So not trying to become a professor in the fluid dynamics, wasting of time.
Tell the important facts we all can use and try to explain. Downwash, wind gradient, groundeffect, propeller effects, etc.

But the first most important les to learn is:
The more you know, the more you know you don’t know!


Cees

Cees,

that was fast! I guess considering that it's coffee time over in Holland while I should be sleeping...

A quick comment. This thread is not intended to provide or seek lessons to or from anyone. Rather, I hope it to be a growing source of information related to the specific aerodynamics of classic pattern designs. I started it in the hopes of learning more about how things like Re and Cd change from one design to another - if significantly - and as a consequence, what type of power plants and prop dimensions might be best suited for given models and scales with an emphasis on electric power. E-power, by virtue of its nature, has considerably more latitude than glow power and therefore ideal power plant configurations are not always obvious.

In short, at some point it would be nice to have a little database of our models with descriptors and parameters that could serve as a reference for specifying appropriate e-power configurations.

The re-design of a classic is part of the motivation for the start of this thread.

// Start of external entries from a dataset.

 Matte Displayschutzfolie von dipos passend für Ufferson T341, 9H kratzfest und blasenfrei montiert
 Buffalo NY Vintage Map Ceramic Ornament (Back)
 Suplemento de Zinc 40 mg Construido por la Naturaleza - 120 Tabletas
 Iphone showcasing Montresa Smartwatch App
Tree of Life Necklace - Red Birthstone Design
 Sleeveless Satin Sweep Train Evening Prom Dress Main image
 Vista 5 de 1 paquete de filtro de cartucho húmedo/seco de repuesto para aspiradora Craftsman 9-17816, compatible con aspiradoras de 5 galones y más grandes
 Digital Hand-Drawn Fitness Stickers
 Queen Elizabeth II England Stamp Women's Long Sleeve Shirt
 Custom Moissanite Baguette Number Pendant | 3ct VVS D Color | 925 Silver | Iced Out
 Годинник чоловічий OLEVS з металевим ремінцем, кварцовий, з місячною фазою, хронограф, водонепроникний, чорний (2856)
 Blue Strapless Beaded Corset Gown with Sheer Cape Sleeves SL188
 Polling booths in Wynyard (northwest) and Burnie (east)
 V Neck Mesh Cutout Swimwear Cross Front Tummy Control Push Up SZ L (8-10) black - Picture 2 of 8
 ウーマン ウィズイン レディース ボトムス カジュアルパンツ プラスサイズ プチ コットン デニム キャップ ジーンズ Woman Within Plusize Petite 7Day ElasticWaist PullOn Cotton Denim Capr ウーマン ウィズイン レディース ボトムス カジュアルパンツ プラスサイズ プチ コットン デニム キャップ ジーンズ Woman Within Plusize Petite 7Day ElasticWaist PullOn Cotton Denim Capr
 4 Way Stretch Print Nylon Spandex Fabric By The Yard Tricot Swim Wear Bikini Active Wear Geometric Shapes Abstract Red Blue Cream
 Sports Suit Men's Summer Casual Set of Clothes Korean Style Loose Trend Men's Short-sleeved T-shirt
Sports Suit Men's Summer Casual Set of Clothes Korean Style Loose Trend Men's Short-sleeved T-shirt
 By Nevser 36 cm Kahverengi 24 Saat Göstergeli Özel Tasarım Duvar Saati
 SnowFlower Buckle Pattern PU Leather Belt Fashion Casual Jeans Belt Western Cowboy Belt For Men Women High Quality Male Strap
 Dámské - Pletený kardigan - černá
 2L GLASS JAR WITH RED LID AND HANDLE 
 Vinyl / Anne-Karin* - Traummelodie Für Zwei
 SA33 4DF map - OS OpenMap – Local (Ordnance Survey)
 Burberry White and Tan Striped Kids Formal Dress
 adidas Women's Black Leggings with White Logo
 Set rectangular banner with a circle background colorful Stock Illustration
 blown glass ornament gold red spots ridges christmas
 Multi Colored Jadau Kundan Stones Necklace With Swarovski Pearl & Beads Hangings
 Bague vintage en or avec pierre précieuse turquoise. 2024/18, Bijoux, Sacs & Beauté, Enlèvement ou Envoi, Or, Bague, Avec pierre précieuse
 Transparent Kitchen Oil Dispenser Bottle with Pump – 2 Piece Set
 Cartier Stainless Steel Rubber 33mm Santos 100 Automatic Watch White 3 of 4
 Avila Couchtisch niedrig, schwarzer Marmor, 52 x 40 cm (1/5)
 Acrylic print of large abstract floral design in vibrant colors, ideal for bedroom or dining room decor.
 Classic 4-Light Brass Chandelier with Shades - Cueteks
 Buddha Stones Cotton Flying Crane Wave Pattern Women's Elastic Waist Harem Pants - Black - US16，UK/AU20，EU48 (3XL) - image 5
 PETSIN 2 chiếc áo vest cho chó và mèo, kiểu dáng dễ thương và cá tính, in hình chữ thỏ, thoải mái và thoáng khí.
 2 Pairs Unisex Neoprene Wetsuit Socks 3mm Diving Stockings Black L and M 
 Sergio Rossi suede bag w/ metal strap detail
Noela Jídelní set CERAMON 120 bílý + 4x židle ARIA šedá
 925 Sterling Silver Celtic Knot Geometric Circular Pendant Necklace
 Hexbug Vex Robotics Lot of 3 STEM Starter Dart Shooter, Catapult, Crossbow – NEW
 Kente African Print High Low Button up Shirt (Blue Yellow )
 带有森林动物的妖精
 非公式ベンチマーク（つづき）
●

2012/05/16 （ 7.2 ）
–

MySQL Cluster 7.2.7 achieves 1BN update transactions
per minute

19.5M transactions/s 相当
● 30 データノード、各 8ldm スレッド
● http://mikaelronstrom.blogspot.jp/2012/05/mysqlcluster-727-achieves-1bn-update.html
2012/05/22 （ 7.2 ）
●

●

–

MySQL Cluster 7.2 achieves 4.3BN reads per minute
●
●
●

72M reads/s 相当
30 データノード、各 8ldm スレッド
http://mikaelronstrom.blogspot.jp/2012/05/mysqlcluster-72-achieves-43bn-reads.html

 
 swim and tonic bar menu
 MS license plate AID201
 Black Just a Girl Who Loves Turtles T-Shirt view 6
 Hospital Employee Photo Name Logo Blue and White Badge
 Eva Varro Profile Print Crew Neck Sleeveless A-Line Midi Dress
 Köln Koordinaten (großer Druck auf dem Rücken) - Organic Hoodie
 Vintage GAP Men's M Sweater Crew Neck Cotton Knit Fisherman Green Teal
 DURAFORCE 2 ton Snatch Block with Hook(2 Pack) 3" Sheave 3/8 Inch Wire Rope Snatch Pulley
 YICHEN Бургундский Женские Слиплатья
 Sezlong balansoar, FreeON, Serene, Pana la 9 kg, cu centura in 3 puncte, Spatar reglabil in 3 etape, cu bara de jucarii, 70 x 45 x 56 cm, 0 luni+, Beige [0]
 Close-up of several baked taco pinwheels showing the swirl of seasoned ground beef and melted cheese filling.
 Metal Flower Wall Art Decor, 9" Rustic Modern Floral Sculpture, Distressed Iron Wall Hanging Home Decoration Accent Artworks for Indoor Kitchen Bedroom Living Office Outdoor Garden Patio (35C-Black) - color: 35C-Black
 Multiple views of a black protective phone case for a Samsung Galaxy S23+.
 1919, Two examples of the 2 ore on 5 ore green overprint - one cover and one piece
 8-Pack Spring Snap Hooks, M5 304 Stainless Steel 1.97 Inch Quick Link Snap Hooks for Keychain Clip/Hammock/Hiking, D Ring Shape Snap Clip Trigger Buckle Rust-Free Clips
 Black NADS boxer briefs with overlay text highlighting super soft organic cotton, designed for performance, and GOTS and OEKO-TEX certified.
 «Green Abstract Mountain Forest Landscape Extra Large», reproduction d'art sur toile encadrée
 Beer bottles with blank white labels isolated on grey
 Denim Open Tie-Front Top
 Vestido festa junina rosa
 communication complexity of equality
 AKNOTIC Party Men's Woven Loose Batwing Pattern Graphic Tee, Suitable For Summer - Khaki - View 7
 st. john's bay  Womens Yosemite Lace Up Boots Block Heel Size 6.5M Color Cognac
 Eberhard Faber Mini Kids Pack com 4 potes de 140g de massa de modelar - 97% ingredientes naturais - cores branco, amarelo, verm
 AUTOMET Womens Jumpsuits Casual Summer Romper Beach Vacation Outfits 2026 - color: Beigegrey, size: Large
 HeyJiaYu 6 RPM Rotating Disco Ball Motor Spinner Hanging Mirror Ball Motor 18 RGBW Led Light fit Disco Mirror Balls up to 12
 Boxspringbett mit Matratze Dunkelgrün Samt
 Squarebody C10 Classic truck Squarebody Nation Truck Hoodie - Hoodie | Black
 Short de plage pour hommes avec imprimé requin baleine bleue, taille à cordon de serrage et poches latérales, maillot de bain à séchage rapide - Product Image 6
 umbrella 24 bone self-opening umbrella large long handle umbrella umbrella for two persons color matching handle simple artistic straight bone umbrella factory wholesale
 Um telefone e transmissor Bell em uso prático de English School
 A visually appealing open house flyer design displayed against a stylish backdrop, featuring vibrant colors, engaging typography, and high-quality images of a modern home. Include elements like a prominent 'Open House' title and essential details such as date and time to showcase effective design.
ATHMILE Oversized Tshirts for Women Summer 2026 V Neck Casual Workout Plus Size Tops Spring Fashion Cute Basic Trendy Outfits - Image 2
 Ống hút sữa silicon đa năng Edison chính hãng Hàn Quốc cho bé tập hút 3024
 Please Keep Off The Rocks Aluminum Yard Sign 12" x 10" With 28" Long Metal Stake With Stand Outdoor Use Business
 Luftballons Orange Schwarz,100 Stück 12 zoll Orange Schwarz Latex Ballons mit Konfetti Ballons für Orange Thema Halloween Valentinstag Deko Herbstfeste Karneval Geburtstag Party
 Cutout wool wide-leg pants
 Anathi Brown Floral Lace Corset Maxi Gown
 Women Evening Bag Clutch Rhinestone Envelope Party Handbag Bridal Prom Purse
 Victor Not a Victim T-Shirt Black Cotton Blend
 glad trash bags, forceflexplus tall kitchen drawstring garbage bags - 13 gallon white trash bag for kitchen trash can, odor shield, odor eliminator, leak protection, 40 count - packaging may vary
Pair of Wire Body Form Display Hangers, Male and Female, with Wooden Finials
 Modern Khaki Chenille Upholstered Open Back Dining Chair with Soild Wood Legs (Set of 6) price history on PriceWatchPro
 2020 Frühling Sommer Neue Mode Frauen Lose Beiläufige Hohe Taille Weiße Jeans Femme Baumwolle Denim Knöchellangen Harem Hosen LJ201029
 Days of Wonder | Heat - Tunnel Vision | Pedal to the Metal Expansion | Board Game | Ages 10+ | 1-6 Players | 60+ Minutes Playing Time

As a comment to the end of your post:

"But the first most important les [sic] to learn is:
The more you know, the more you know you don’t know! "

That was fortunately the main outcome of an undergraduate degree and what gives me the psychological freedom to start a thread like this.

Cees, just so you know, we're not all out to get you despite the heated exchange on your Taurus thread. I suspect that much of that debate can actually be chalked up to language and cultural differences. At the end of the day, sometimes its good to "agree on disagreeing" as it leaves space for your quoted statement above to breathe again.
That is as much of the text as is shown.